My ex-UNI colleague and PR veteran B N Kumar tells me that our PTI Mumbai colleague V K Naik is no more. Although I knew him, I did not have occasion to work with him. I only remember his mischievous grin reserved probably only for his UNI ‘rivals.’

Here is a tribute from Harish Joshi, his colleague  in Pune PTI:

I went down the proverbial memory lane when someone told me yesterday that VKN is no more. It is tough to accept the inevitable as my last links with PTI, Bombay nay Mumbai, keep snapping. For us juniors, Vasantrao was not just the namesake of the one of the Chief Ministers he covered extensively, but also a walking Mantralaya as his deep rooted bureaucratic contacts were all too known.

He belonged to that generation of PTI reporters who rose from the
ranks, starting as a technician, if I am correct, in Madgaon office. After landing  in Mumbai,  VKN became reporter in the office completely dominated by Keralites, Tamilians, and Catholics, with sheer dent of hard work and his great command over short hand, the greatest asset in those days to claim the journalistic grade in PTI.

Naiksaheb as our Chief Reporter S Ramkrishnan (SRK) used to call him,
had scant regard for ceiling on wordage of the copy he wrote feverishly on a typewriter, thanks to those mysterious short hand lines. The other stalwart who was armed with short hand was and S. Laxman.

Whenever a big political story broke, VKN used phone N.D.Prabhu (NDP)
, News Editor, to move the alert and magnitude of the story was judged by the corresponding movements of NDP in office as sometimes he personally used to rush to the teleprinter operator to hand over the copy.

After filing initial reports on the phone, VKN would march in and get glued to those faithful "Underwoods" or "Remingtons", hammering them with a vengeance absorbing the short hand.
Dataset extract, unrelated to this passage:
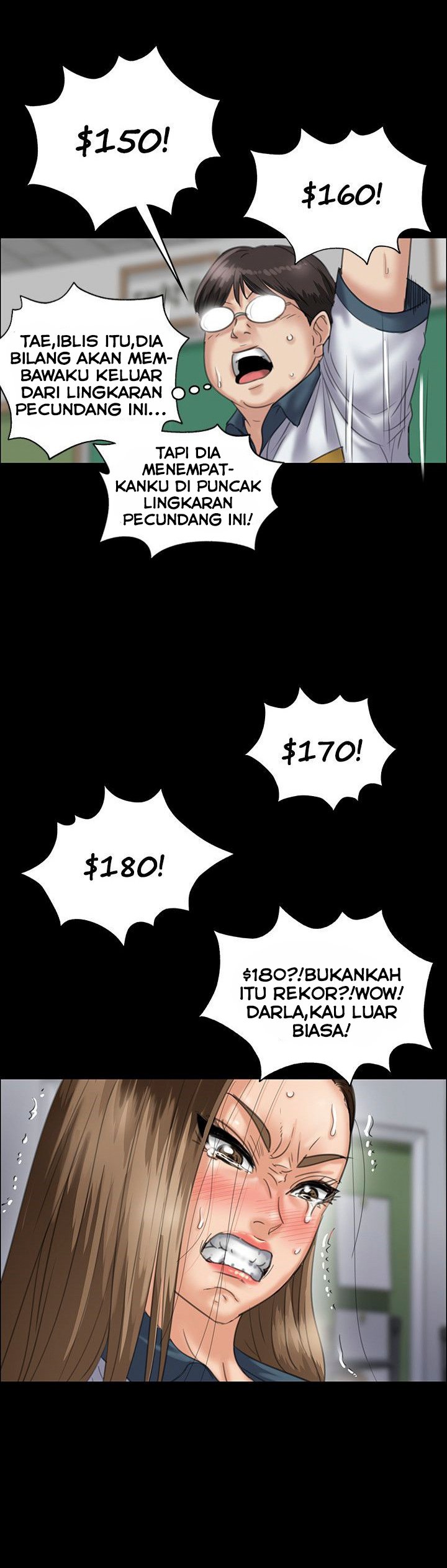 Queen Bee (Andrew) - Chapter 31 34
Projection of news point in the lead, of course, was the editor on duty's responsibility. VKN never bothered on that count. What he produced on paper was facts, and nothing but facts, as he heard and saw them and many times in that sequence.

"You should always give a positive lead
," he used to tell me. We were juniors and expected to be all ears to the seniors when their pearls of wisdom gushed out. VKN excelled as Mantralaya correspondent and remained a PTI heavyweight for a long time.

The company bosses would approach him
whenever the state government was involved in getting something done for PTI. Naiksaheb would then turn out in a "safari" befitting a minister and lead our GM to Mantralaya. He was duly rewarded for his long dedicated service when he became Regional Manager (West) before his retirement.

An ever enthusiastic senior colleague, jovial, mischievous but well meaning.

May god bless his soul.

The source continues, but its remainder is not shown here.